Supplied information:
☆ ☆ ☆ ☆

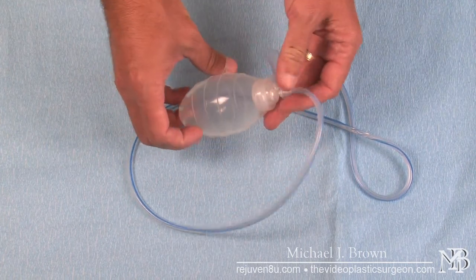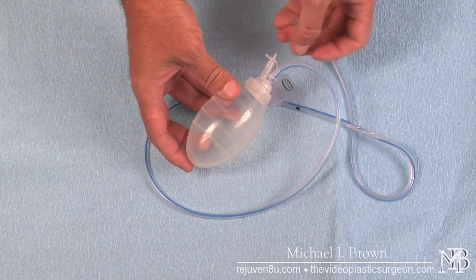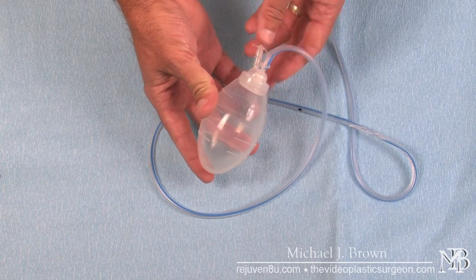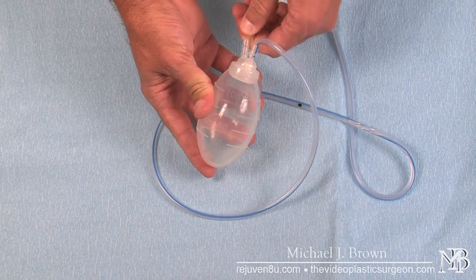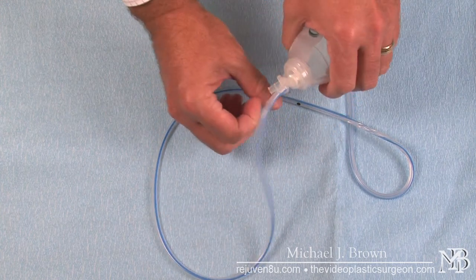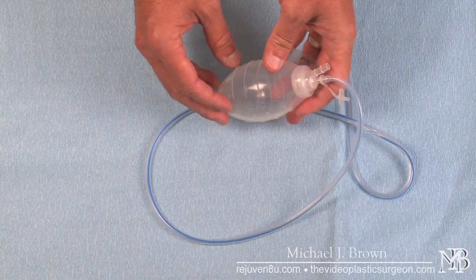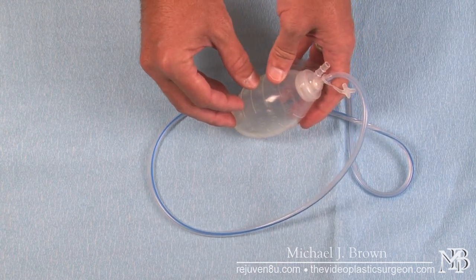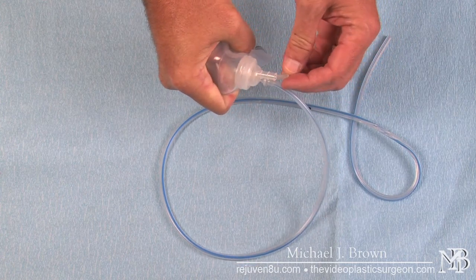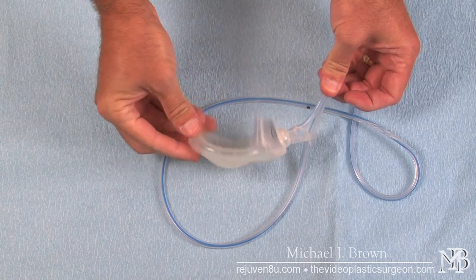The reservoir will fill up over time and will need to be emptied. The way it is emptied is similar to what I demonstrated earlier — the cap is removed, the volume is squirted into a container, and the container volume is recorded to figure out how much has been emptied. Then the bulb is compressed and the cap is put back. Because it's under suction, it will stay compressed like this.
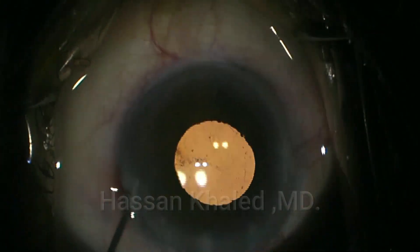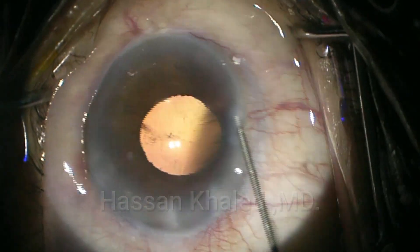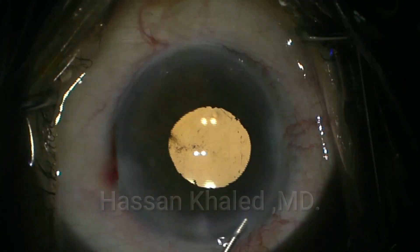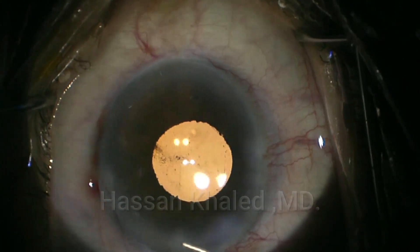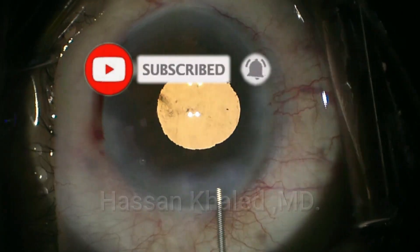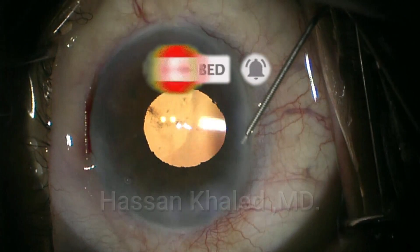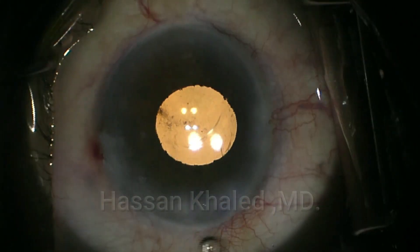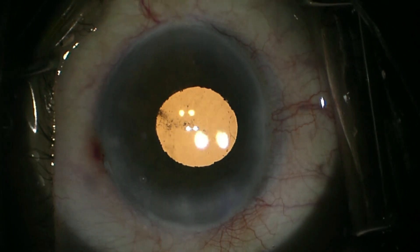And finally stromal hydration for the paracentesis and for the main phaco incision. You can use a sponge to test for leaks at the end of the surgery. You can see it is a very nice technique using a cheap handmade vertical chopper. Thanks for watching.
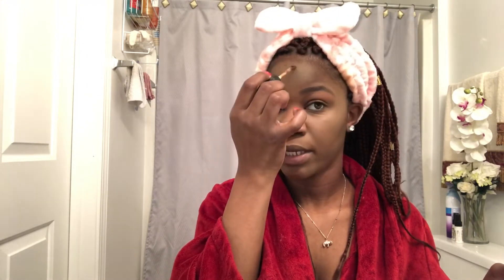Some people like to match their foundation to their chest, but my chest is lighter than my face, so I like to match my foundation with my neck. That's just my personal preference.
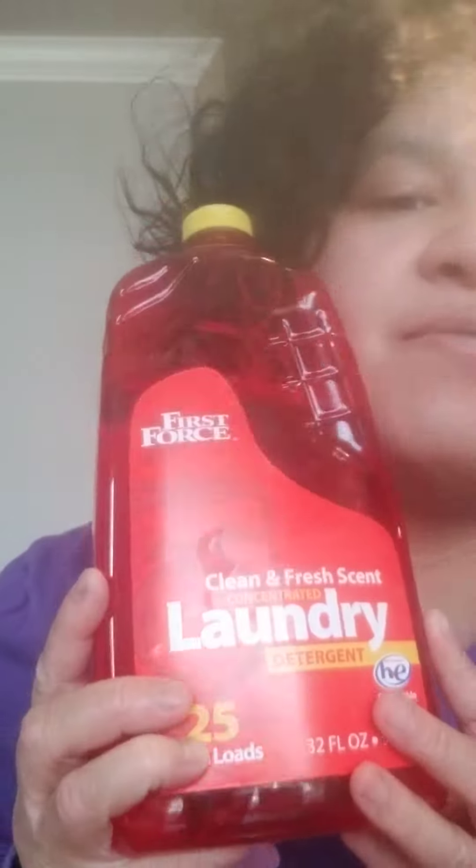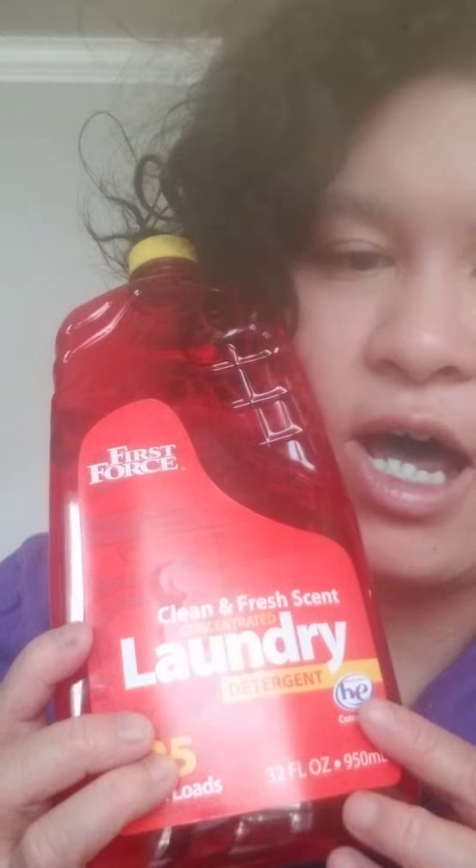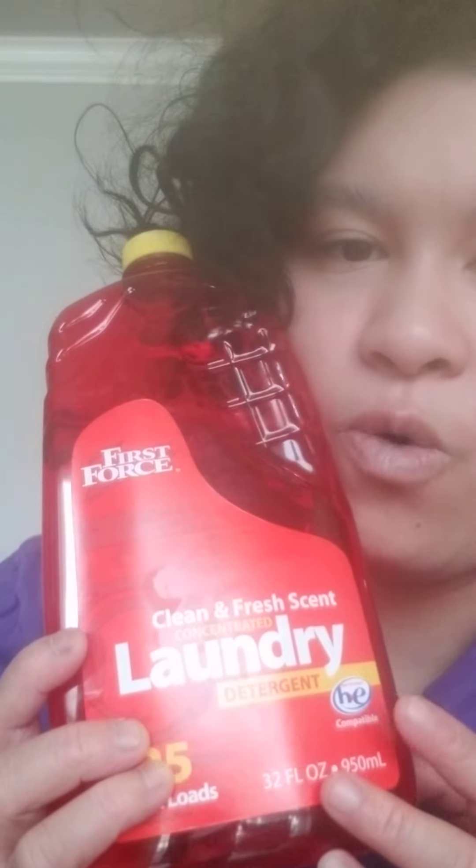This is made in Canada. I just got it today at Dollar Tree for $1.25. This is what I use to clean my clothes.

☆ ☆ ☆ ☆

Assignment:
Copy each line above precisely, dropping the pictures.

Response:
The reservoir will fill up over time and will need to be emptied. The way it is emptied is similar to what I demonstrated earlier — the cap is removed, the volume is squirted into a container, and the container volume is recorded to figure out how much has been emptied. Then the bulb is compressed and the cap is put back. Because it's under suction, it will stay compressed like this.
And finally stromal hydration for the paracentesis and for the main phaco incision. You can use a sponge to test for leaks at the end of the surgery. You can see it is a very nice technique using a cheap handmade vertical chopper. Thanks for watching.
Some people like to match their foundation to their chest, but my chest is lighter than my face, so I like to match my foundation with my neck. That's just my personal preference.
This is made in Canada. I just got it today at Dollar Tree for $1.25. This is what I use to clean my clothes.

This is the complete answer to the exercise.